In part his was but a share in the general welcome then accorded to the poets. Davidson was being hailed with intense zest; Norman Gale himself, singing amid applause, offered congratulations and a review to F. T. Only with the appearance of Sister Songs and New Poems was he roundly and viciously abused. But already round the standard of "An Old Fogey" (Andrew Lang), raised in the Contemporary Review, February 1894, à propos of "The Young Men," there was a considerable gathering. From the press cuttings of the year a good crop may be got of such sentences as:—
"I must agree with Mr. L.'s judgment of Mr. Francis Thompson. His faults are fundamental. Though he uses the treasure of the Temple, he is not a religious poet. The note of a true spiritual passion never once sounds in his book. . . . He owes much to the perseverance of Mr. and Mrs. Meynell and the Catholics whom they influence."[28]

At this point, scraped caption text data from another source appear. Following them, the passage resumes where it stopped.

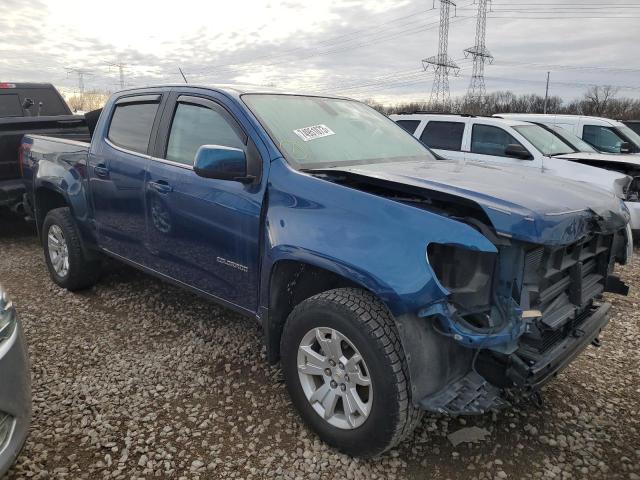 1GCGTCEN9K1185769 | 2019 CHEVROLET COLORADO L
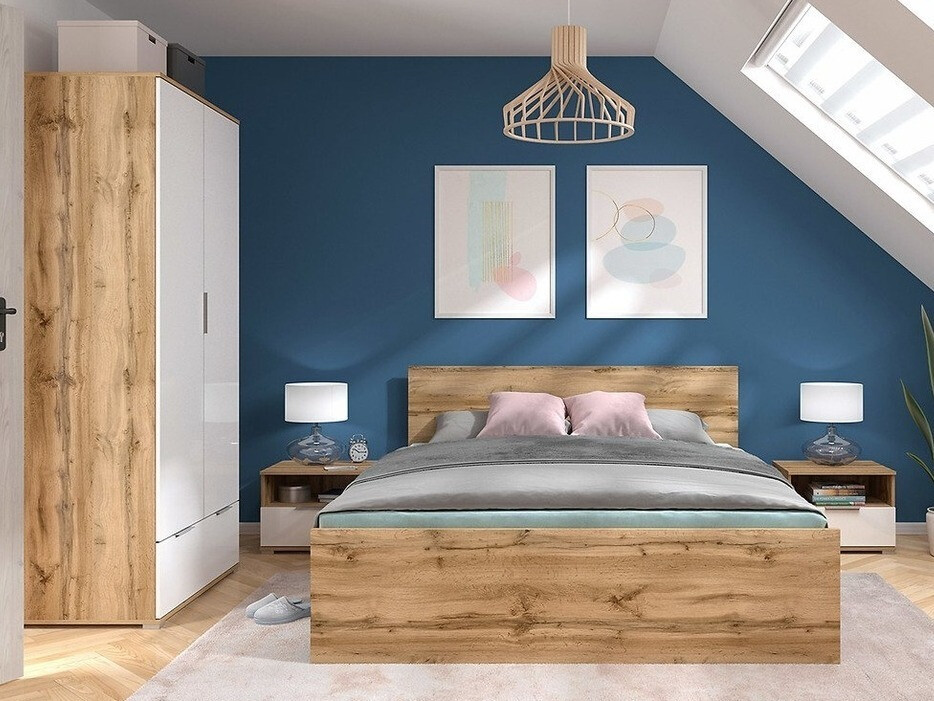 Set za spavaću sobu Tivetra 123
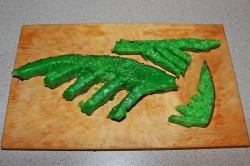 Новогодний торт Шишка на 2020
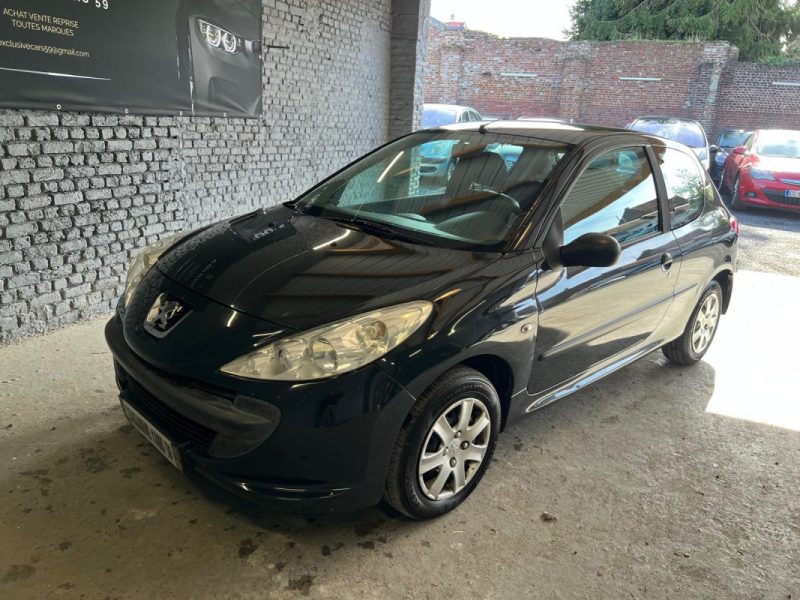 PEUGEOT 206+ 1.1I 60CH TRENDY 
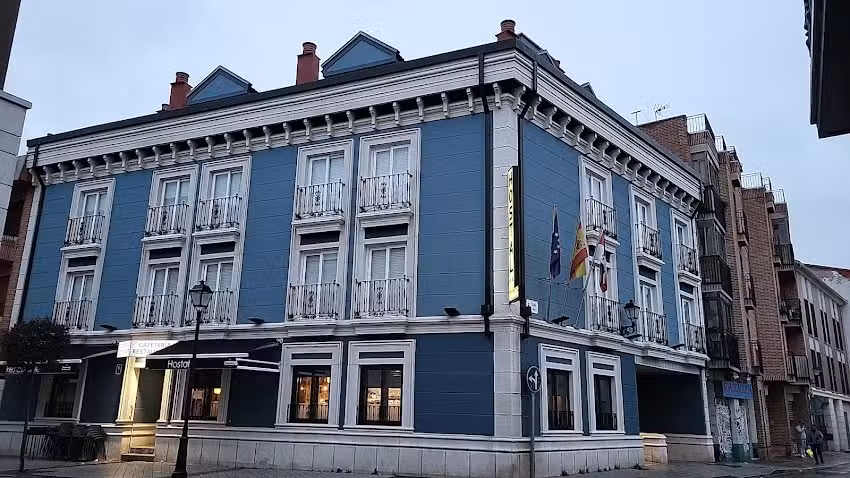 Hostal Virgen del Villar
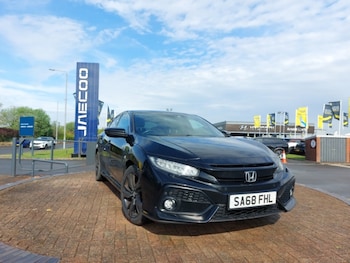 Used Honda Civic 2018 for sale - 78490286: Photo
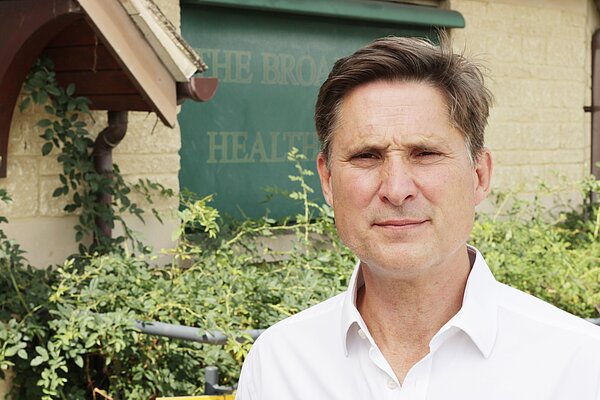 I found my conversation at Broadshires GP very helpful.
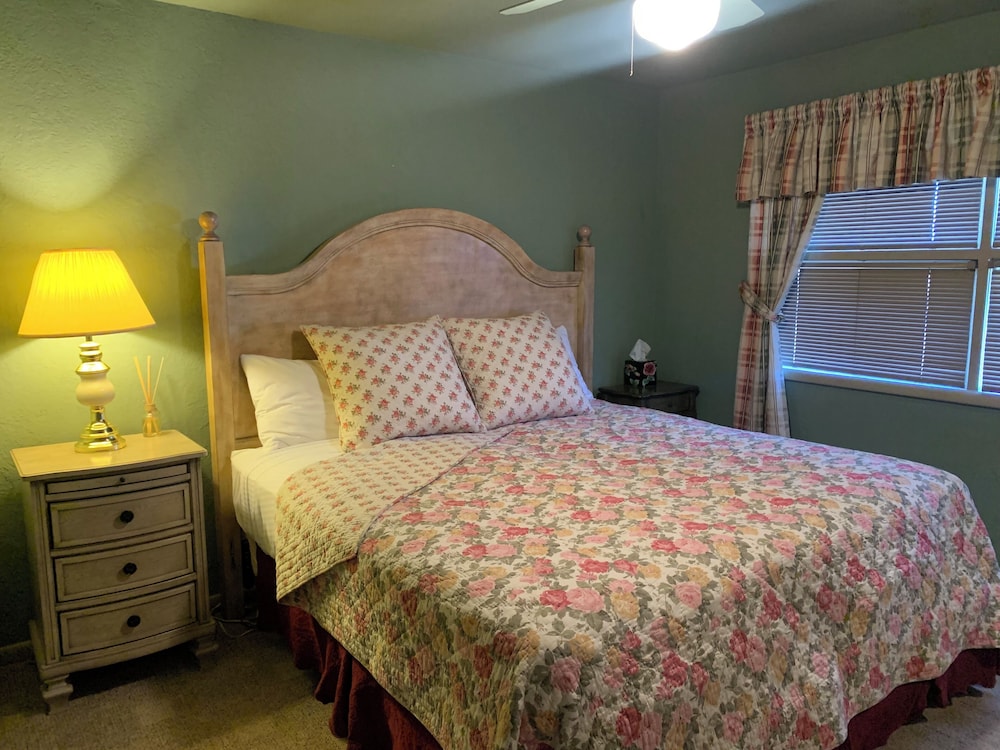 The Canebrake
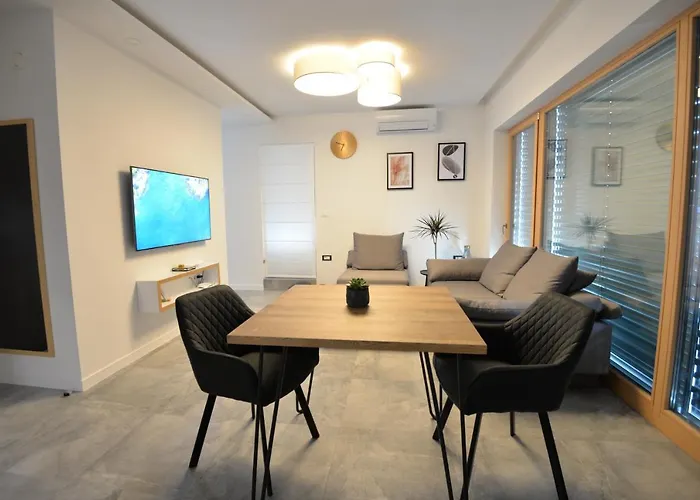 Lägenhet Astarte, Zadar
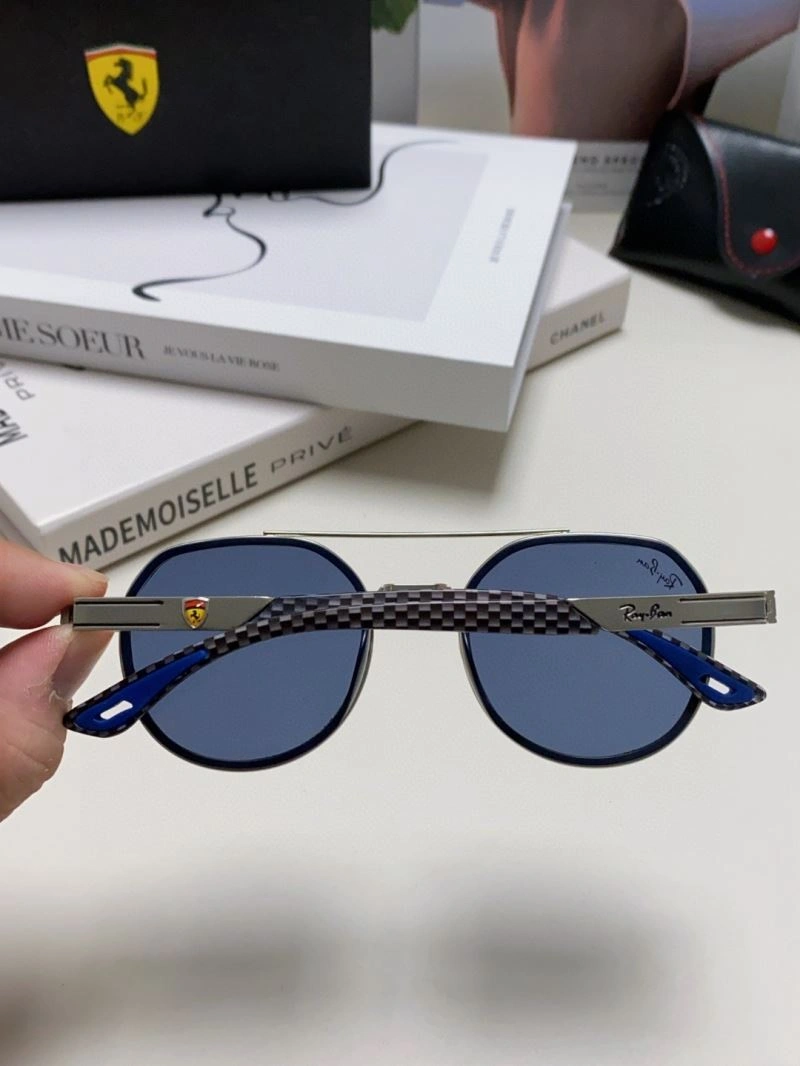 EyeCatching Bay Ban Sunglasses 282239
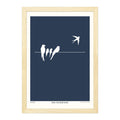 Wish You Were Here - A4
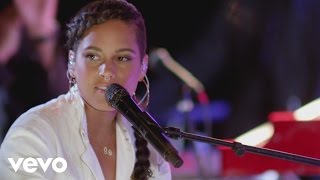 Alicia Keys  Landmarks Live in Concert [upl. by Tanah]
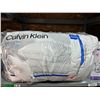 Image 1 : Calvin Klein Queen Size Premium Pillows 2 Pack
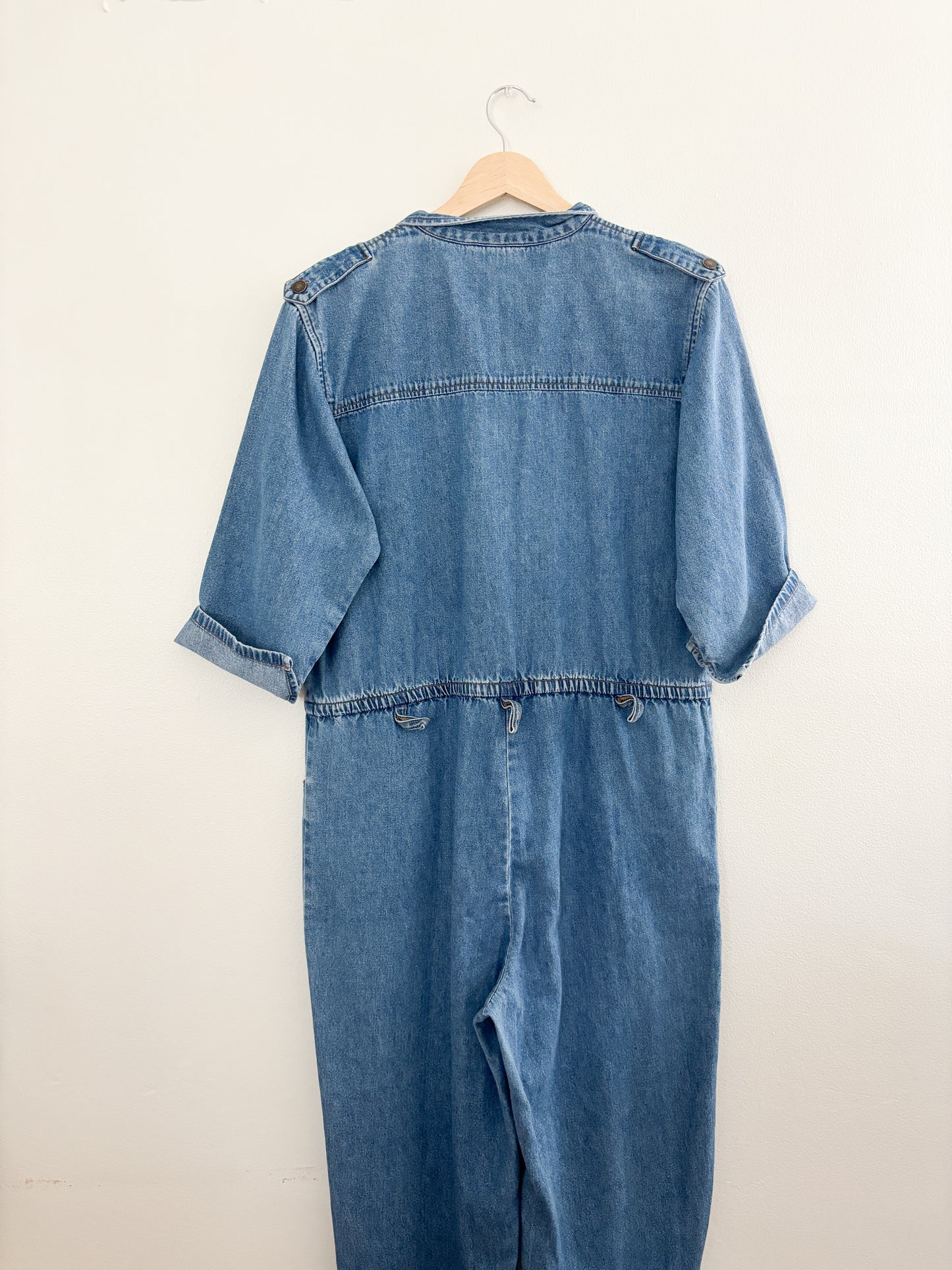 NWOT Boston Proper Jumpsuit (M/L)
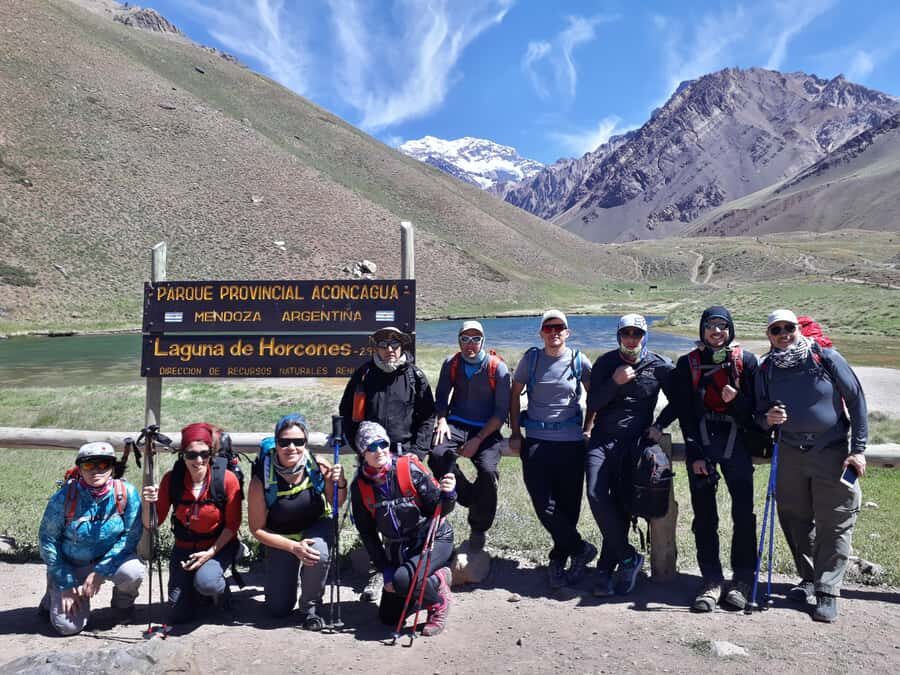 Mendoza: Mt. Aconcagua Confluencia Camp Trekking - Key points to know before you go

It fell to a critic on the Westminster Gazette to do the out and out "slating." Leading off with quotations from "A Judgment in Heaven," he asks "Is it poetry? is it sense? is it English?" His case, with such phrases as "Supportlessly congest" well to the fore, was good. Quoting "To My God-child" as a happier example, he concluded, "This, too, is somewhat wild, but it means something."
"The poet of a small Catholic clique" was a description given by one of the two or three writers who constituted the opposition to his claims to a great place in English literature. They all made a common discovery—Francis Thompson was a Catholic.
"We had," said the Weekly Register, "Mr. de Vere, Mr. Wilfrid Blunt, Mrs. Hamilton King, Mr. Coventry Patmore, to name no others. We need not then have awaited Mr. Thompson's arrival to undermine the Press of England in the interests of 'Sectarianism'!"
It came to pass that this poet of fewest friends was charged not only with log-rolling, but with belonging to a "clique" that had its headquarters at Palace Court. The fact was that his few friends were even shyer than his friends' friends of praising him publicly. One young reviewer (the "Vernon" already mentioned) came at the stroke of morning's eight to shout through their bedroom doors his new discovered joy—a poem in Merry England by F. T. "I know at last," was his loud confidence, "that there is a poet who may worthily take a place as Shakespeare's second." But in the papers this critic's notices were very halting: his praises did not call through the press as they did through the keyhole. The "clique" is proved in his notice the most unprofitable and unfriendly of companies. In Henley's National Observer he writes:—
"Mr. Francis Thompson is a young poet of considerable parts, whose present danger lies in the possibility of his spoiling. Having recently put forth to the world a book of poems, modest enough in bulk, he was presently attacked by a most formidable conspiracy of adulation. . . . Few writers of really distinguished quality have been introduced to the world under the shelter of such a farrago of nonsense."
This writer, almost the only personal friend of Thompson's on the literary press, does not confine his strictures to the alleged "promoters" of Poems. He points to passages, ungainly and ugly, which explain why the book as a whole "proves repellent to the majority of readers"; but
"Let him take heart, then, and sedulously pursue a path of most ascetic improvement. A word, too, in his ear; let him not use the universe quite so irresponsibly for a playground. To toss the stars about, 'to swing the earth,' &c., is just a little cheap."